I built something similar for watering chickens. In their case I used drinker cups fed from a reservoir of water about 3 feet higher than the cups. I needed some automatic method of maintaining the reservoir filled. Sounds a lot like the tank on a toilet, doesn't it..? (photo: www.dhgate.com)

So I built a miniature replica of a toilet tank from a pantry food storage container just large enough to hold a toilet float valve! (photos: www.homedepot.com, www.rubbermaid.com)


Drill a hole in the bottom of the storage container; install the float valve. Use normal plumbing parts to supply the float valve: a riser tube or hookup hose, a shutoff valve, etc. In my case I drilled another hole in the storage container and installed a bulkhead fitting to create the port for drawing water down to the drinker cups.

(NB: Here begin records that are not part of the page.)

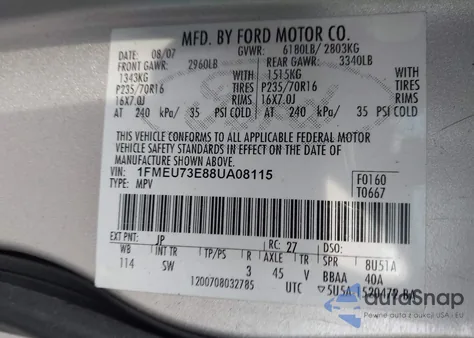 2008 Ford Explorer Xlt из США, поврежденный, VIN 1FMEU73E88UA08115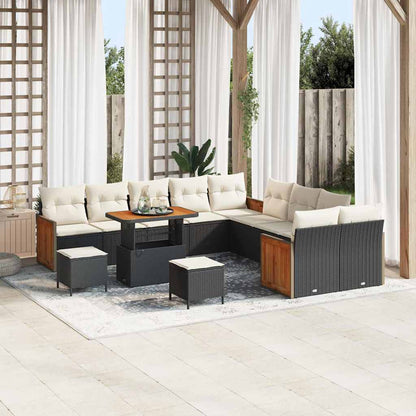 Conjunto de Sofá de Jardim 13 pcs Preto e Creme 90 x 55 x 71 cm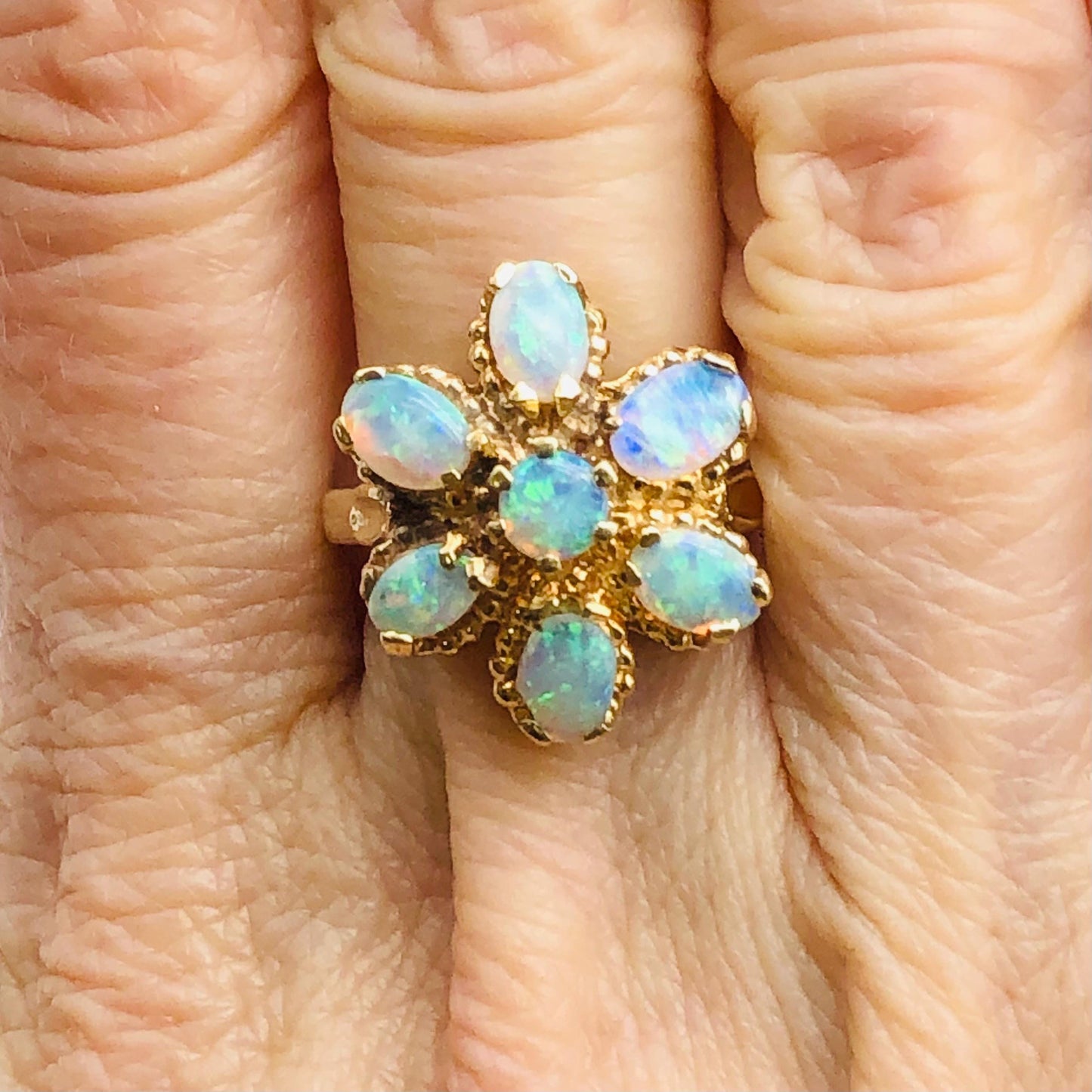 Vintage 14k Yellow Gold Floral Natural Opal Cluster Ring, October Birthstone Ring, Size 5.75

I don't know whether a tortoise can be trained or is physically capable to activate a drinker cup or not -- chickens just figure it out on their own. You're absolutely right that you could set the reservoir so that its height and the heights of the bowls match, then connect them with tubing below the water line.
In a comment you mentioned a one-way ("check") valve. Perhaps you can build one from a chicken drinker valve with a fishing float glued to it, and possibly some fishing weights too. Set it so that the weights make the drinker valve sink, allowing water flow until the buoyancy of the float on the rising water counteracts the weights and closes the valve. Put a stopper above the float -- otherwise if the bowl overfills the float will rise too much, opening the valve, and causing endless overflow!